> **TASK PROMPT**
Beginning with the line of the entries below that holds "black and white globe" and ending with the line that holds "Black rose boutonniere with a ribbon bow", transcribe each line exactly as written. Pictures stay out.

> **TASK INPUTS**
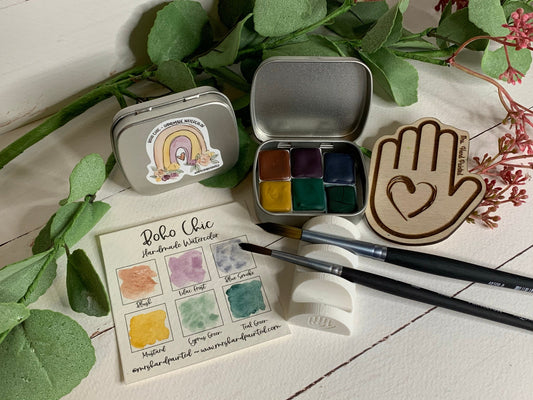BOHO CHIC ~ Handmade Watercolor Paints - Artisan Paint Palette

--

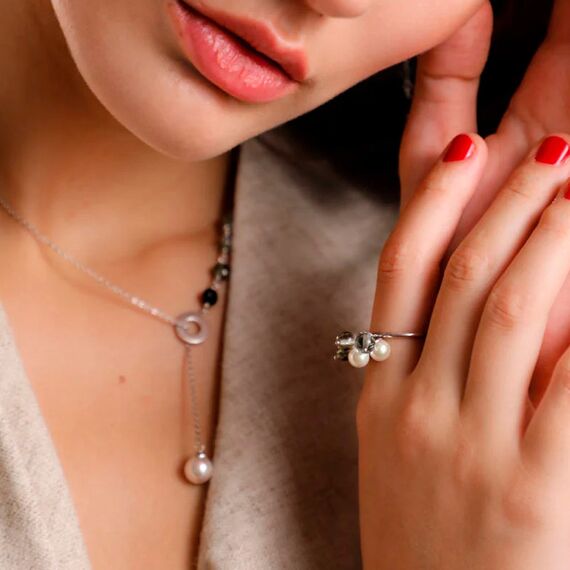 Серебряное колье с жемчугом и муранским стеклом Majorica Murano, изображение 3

--

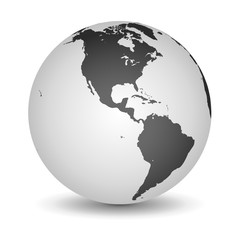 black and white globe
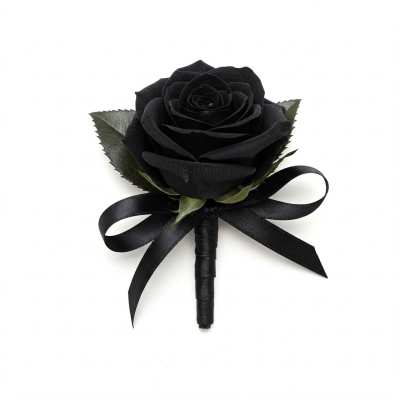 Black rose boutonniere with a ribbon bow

> **TASK RESPONSE**
 black and white globe
 Black rose boutonniere with a ribbon bow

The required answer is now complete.